October is host to Breast Cancer Awareness Month, Domestic Violence Awareness Month, Love Your Body Day (Oct. 21st), and now Fat Talk Free Week. Beginning Oct. 19th, Fat Talk Free Week challenges us to stop "Fat Talk", defined as "all of the statements made in everyday conversation that reinforce the thin ideal and contribute to women's dissatisfaction with their bodies. Examples of Fat Talk include: "I'm so fat," "Do I look fat in this?", "I need to lose 10 pounds" and "She's too fat to be wearing that swimsuit." Statements that are considered Fat Talk don't necessarily have to be negative; they can seem positive yet reinforce the need to be thin — "You look great! Have you lost weight?"
Does any of this sound familiar?
I just discovered the concept of "fat talk," and it was revealing to see something so familiar and so ubiquitous identified in this way. American Jewish women have a complex relationship with beauty and body image, and this week seems to be the right time to continue some of those discussions.
Last week, I wrote about Cravings: Songs of Hunger and Satisfaction, a cabaret about food, love, ambition and nourishment set in a Jewish kitchen. Cravings deals with the idea of food as metaphor in Jewish culture. Hearing "food is love" often elicits warm and fuzzy feelings of family and tradition, but it can also trigger some of the food and body issues Jewish women face living in "thin and blonde" America. And if America isn't "thin and blonde," the representations we see in the media certainly are. See the recent buzz over model Filippa Hamilton (fired for being overweight at 120 lbs), and Tablet's piece on why Jewish men in Hollywood chose to make the "shiksa goddess" the perpetual love interest of male Jewish leads. While the "Aryan ideal" has driven many Jewish women to rhinoplasty, the quest for thinness has led to much more dangerous consequences.
According to MyJewishLearning, research does not support the claim that Jewish women experience higher rates of anorexia and bulimia than other groups. However, eating disorders seem to hit hardest in upwardly mobile demographics, and are undoubtedly some of the most serious issues affecting young Jewish women. The unique combination of Jewish and American cultural expectations for women unfortunately seem to culminate in an environment that encourages or supports eating disorders.

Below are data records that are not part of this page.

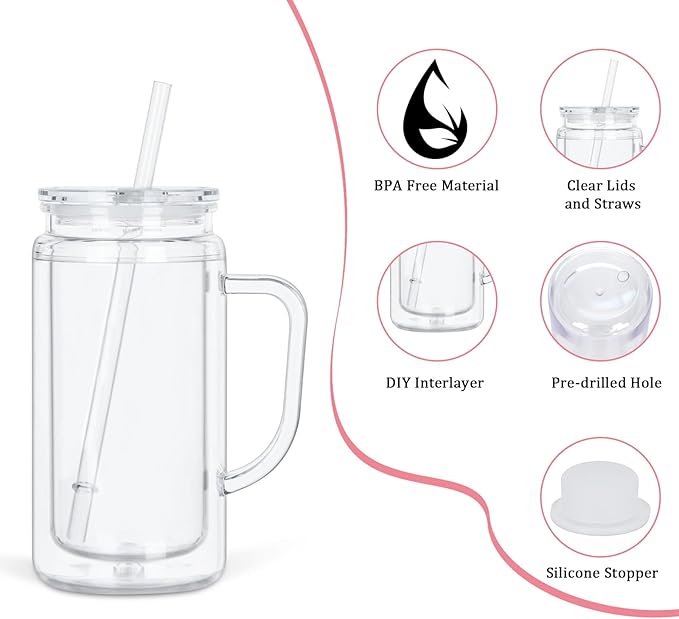8 Pack 16 Oz Snow Globe Tumbler with Handle, Acrylic Snow Globe Cups with Pre-drilled Hole and Plug, Double Wall Reusable Clear Plastic Travel Coffee Mug for Snowglobe Glitter DIY Gift (Clear)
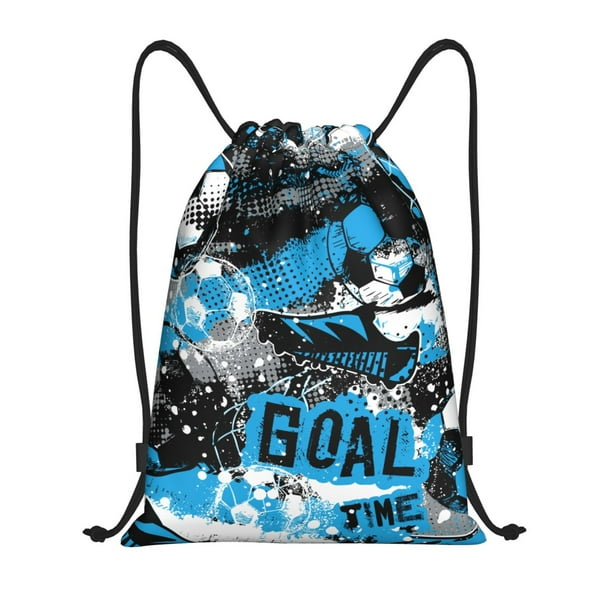 Fotbe Football Time Bolsa Mochila con Cordón Estampada, Bolsa de Gimnasio Deportiva, Bolsa Cinch, Bolsa con Cordón para Hombres y Mujeres-Medium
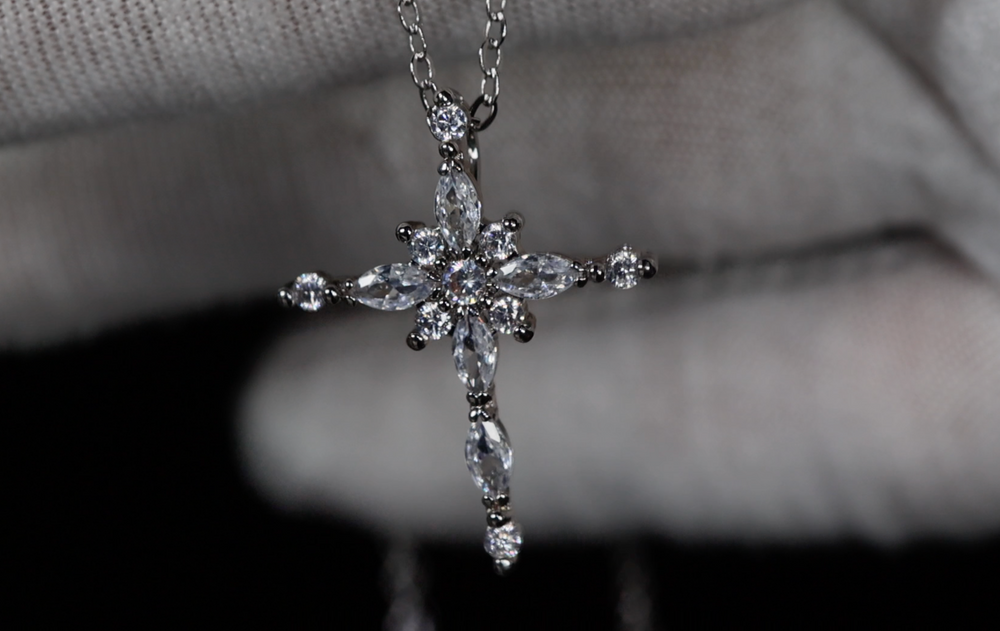 Small Diamond Cross Pendant | Womens Diamond Cross Pendant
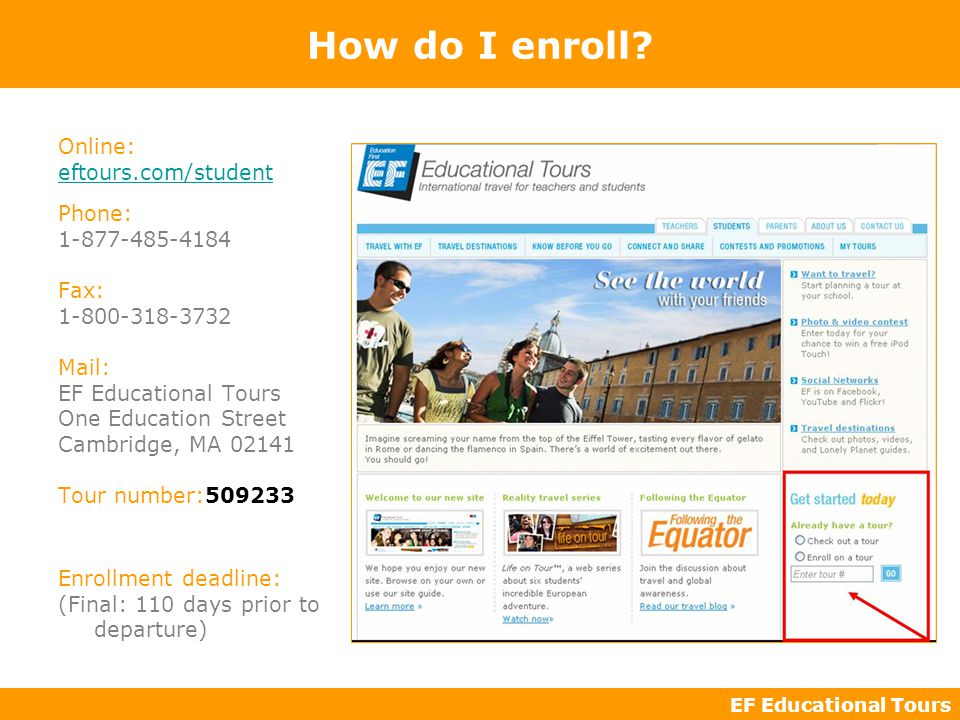 EF Educational Tours How do I enroll.
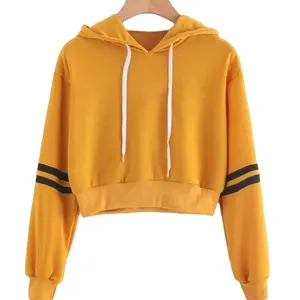 Weiblicher abgeschnittener Hoodie solide Farbe Baumwolle Fleece lange Ärmel geschnittenes Oberteil Hoodie / runder Kragen geschnitten kurze Damen-Kapuzenpullover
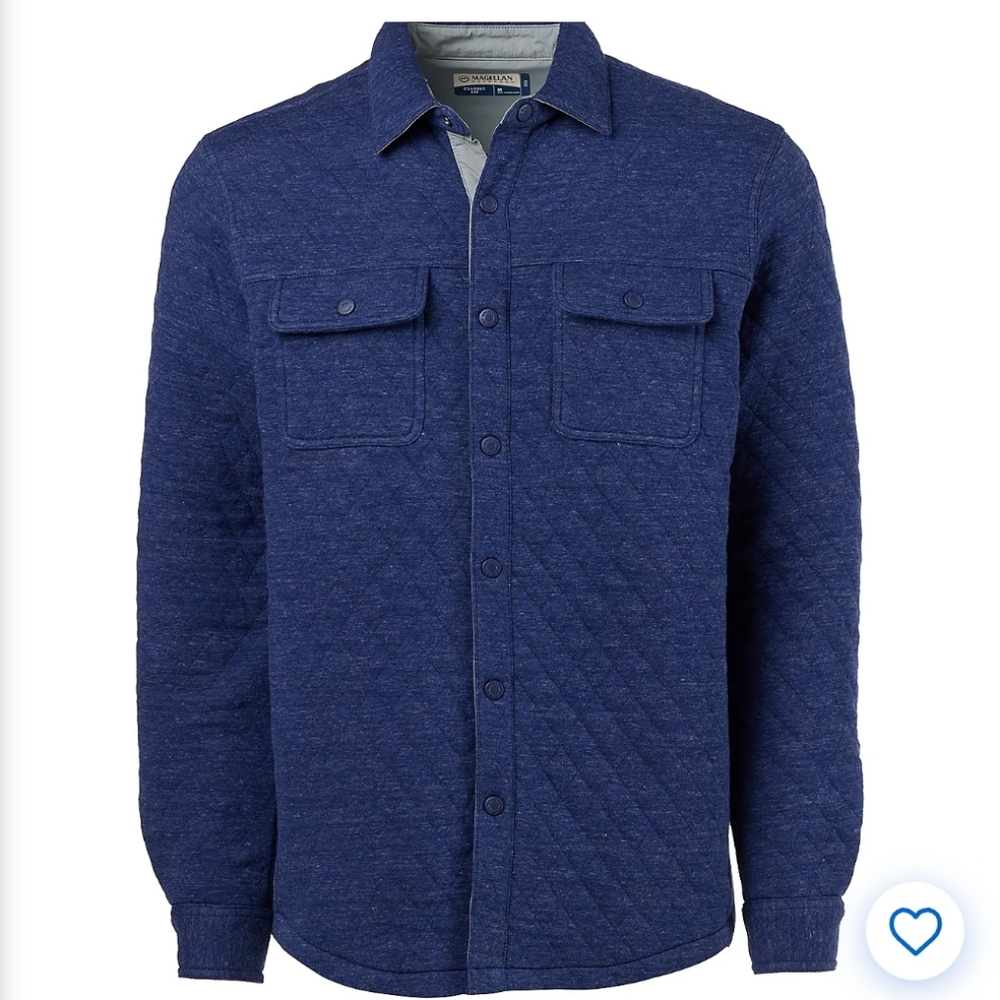 Magellan Outdoors Men's Navy Quilted Shirt Jacket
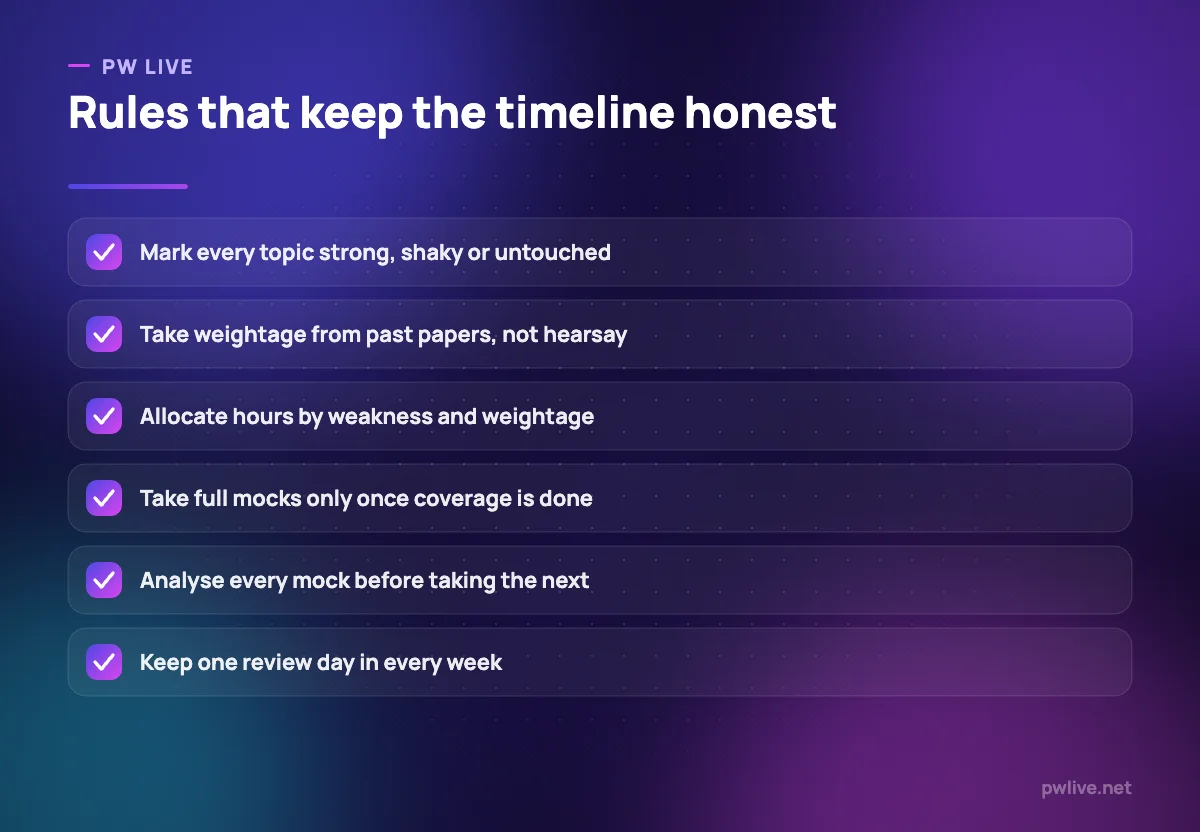 Checklist of six rules for running a six-month competitive exam timeline.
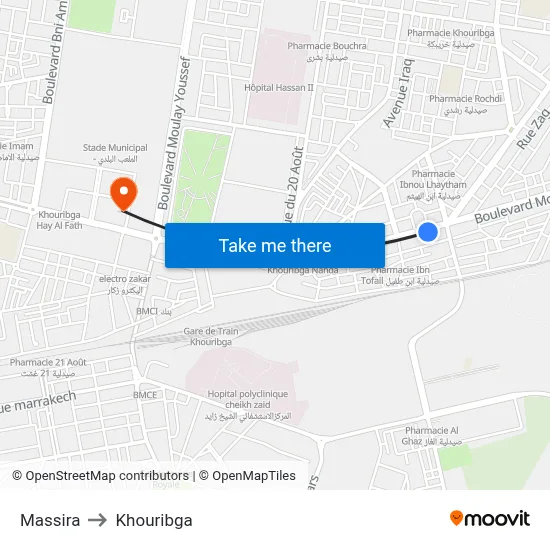 Massira to Khouribga map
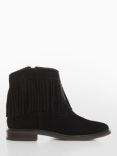 Mango Kids' Dakota Fringed Leather Boots, Black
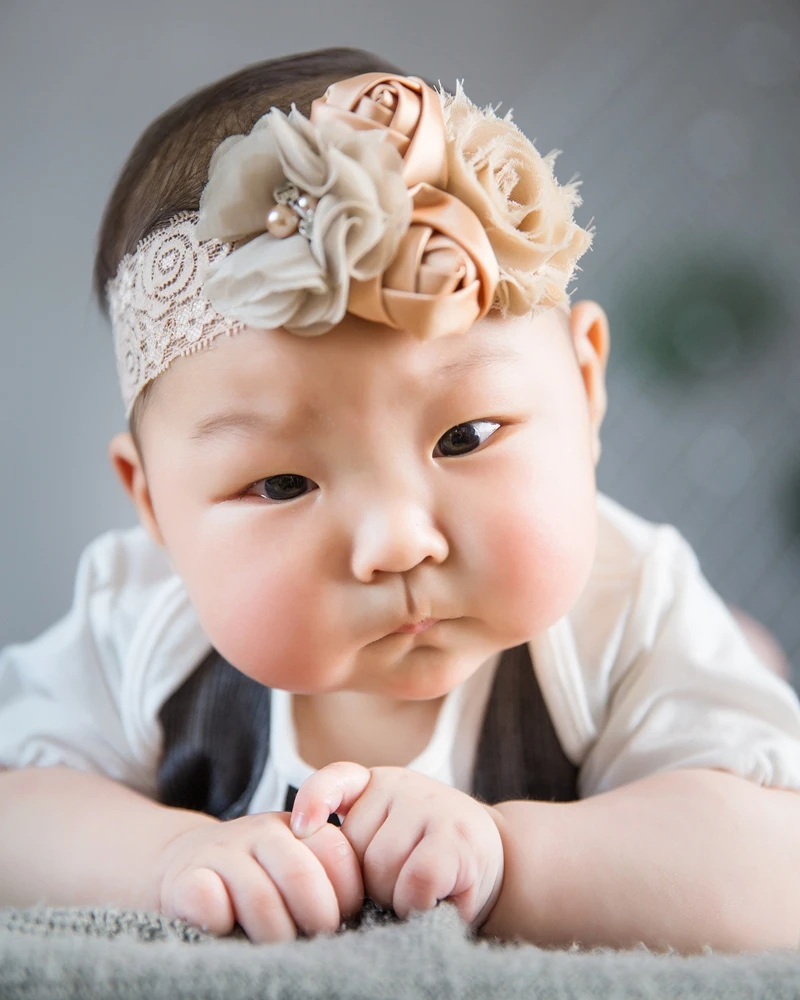 baby headband newborn rose elastic hair band Chiffon flower Rhinestone lace headbands baby girls hair accessories headwear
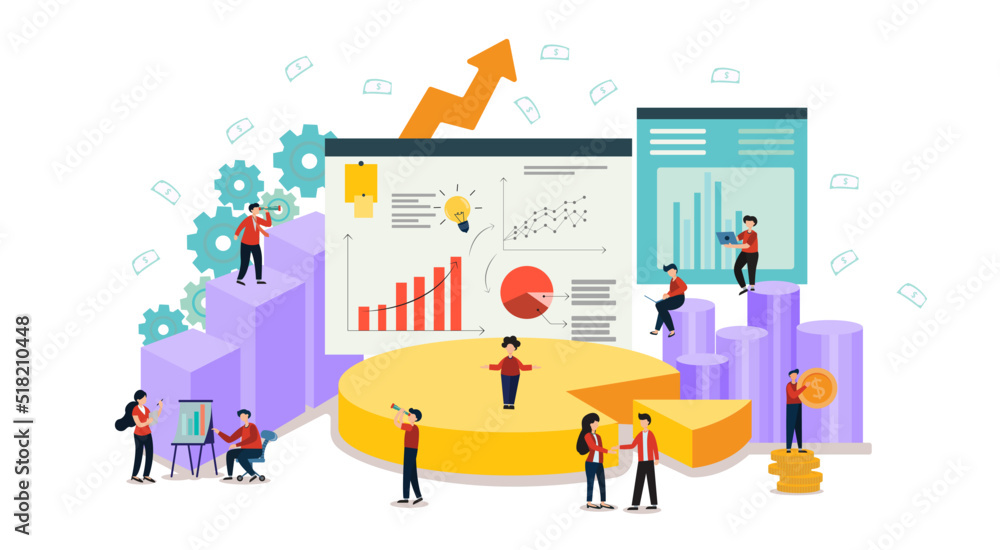Flat illustration. Team collaboration concept. Reporting, charts, development, analysis, workflow, management, marketing of business people.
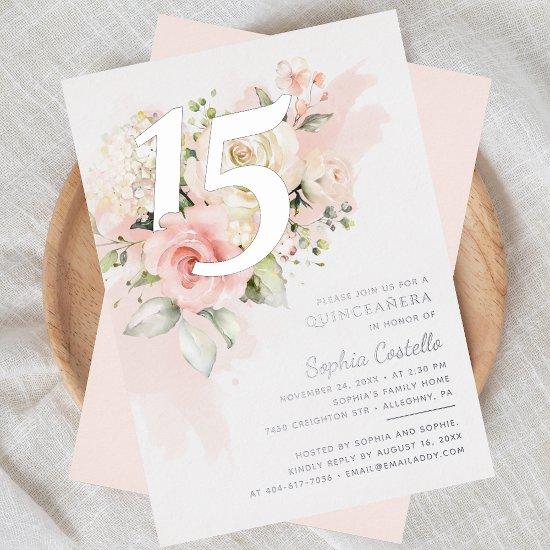 Floral Greenery Quinceanera 15th Birthday Silver Foil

Jewish culture is a food culture. Food is the central element of our holidays, celebrations, and life cycle events. It is the most tangible element of tradition and memory and informs our ideas of nourishment, satisfaction, success, safety, and love. In Jewish families, food is love and feeding your children is a way to show your love. But success is also part of Jewish culture, and Jewish parents are known to put pressure on their children to achieve, even to achieve perfection. When you factor in the pressure of assimilation and the "blonde and thin" American ideal of beauty, it's no surprise that eating disorders develop as a way to cope with the conflicting pressures to eat, to be thin, to assimilate, and to be the perfect Jewish daughter.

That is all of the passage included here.